Despite what you may have read in the New York Times and the Washington Post, the available evidence is that Ahmadinejad did win last June's presidential election and that efforts embraced by nearly the entire U.S. news media to oust him amount to yet another case of seeking the removal of a democratically chosen leader.
Though widely ignored by the major American news media, a recent study by the Program on International Policy Attitudes (PIPA) at the University of Maryland found little evidence to support allegations of fraud, nor to conclude that most Iranians view President Ahmadinejad as illegitimate.
PIPA analyzed multiple polls of the Iranian public from three different sources, including some before the June 12 election and some afterwards. The study found that in all the polls, a majority said they planned to vote for Ahmadinejad or had voted for him. The numbers ranged from 52 to 57 percent just before the election to 55 to 66 percent after the election.
"These findings do not prove that there were no irregularities in the election process," said Steven Kull, director of PIPA. "But they do not support the belief that a majority rejected Ahmadinejad."

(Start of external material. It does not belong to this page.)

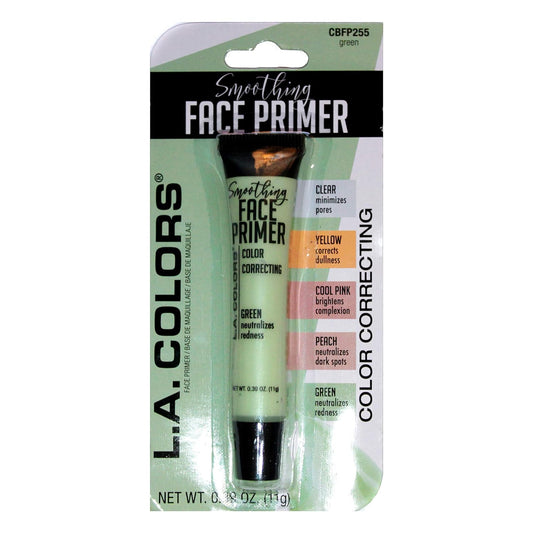 L.A. Colors (1) Tube Smoothing Face Primer Color Correcting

To address the possibility that some poll data collected within Iran might have been fabricated, PIPA matched up patterns of responses collected inside Iran to those obtained by calling into Iran and found the patterns so similar "that it is hard to conclude that these data were fabricated," Kull said.
Regarding the possibility that Iranians felt intimidated, PIPA noted that responses to other poll questions such as criticism of the Islamic Guardian Council and the Interior Ministry showed Iranians willing to express less than favorable views about powerful institutions.

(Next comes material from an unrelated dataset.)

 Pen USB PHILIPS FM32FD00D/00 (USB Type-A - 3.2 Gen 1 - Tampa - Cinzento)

And, further undercutting the U.S. news media's cheerleading for "regime change" in Iran, PIPA's analysis noted that none of the polls supported such a radical step. Large majorities and even most supporters of opposition candidate Mir Hossein Mousavi endorsed the Islamist character of the regime, such as allowing Islamic scholars to veto laws that violate principles from the Koran.
"Our analysis suggests that it would not be prudent to base U.S. policy on the assumption that the Iranian public is in a pre-revolutionary state of mind," Kull said.
Collapsing Assumptions
Beyond PIPA's analysis, other U.S. media claims, which supposedly supported the theory of massive election fraud, have collapsed under closer examination. For instance, one fraud assumption was that Azeris would have voted heavily for one of their own, Mousavi, instead of for Ahmadinejad, who nevertheless carried that region in the official results.

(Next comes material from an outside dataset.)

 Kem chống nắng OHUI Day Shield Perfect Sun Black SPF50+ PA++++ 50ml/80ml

However, a pre-election poll, sponsored by the New America Foundation, found a 2-to-1 breakdown for Ahmadinejad among Azeris. Part of the reason appeared to be that Ahmadinejad had poured government resources into that area. So, the assumption of Azeris automatically lining up behind Mousavi proved false.
Another frequent charge from the Western press was that Ahmadinejad's claim of victory came too fast, but that ignored the fact that Mousavi was out with a declaration of victory before any votes were counted. The first partial results, showing Ahmadinejad in the lead, came out hours later.
The reason why Ahmadinejad might have really won the election by something like the 2-to-1 margin in the official tallies was that his support was concentrated among the urban and rural poor who benefited from government food giveaways and jobs programs and who tend to listen more to conservative clerics in the mosques.
Generally speaking, Mousavi had the backing of the urban middle class and the well-educated, especially in the more cosmopolitan capital of Tehran where universities became a center for protests against Ahmadinejad.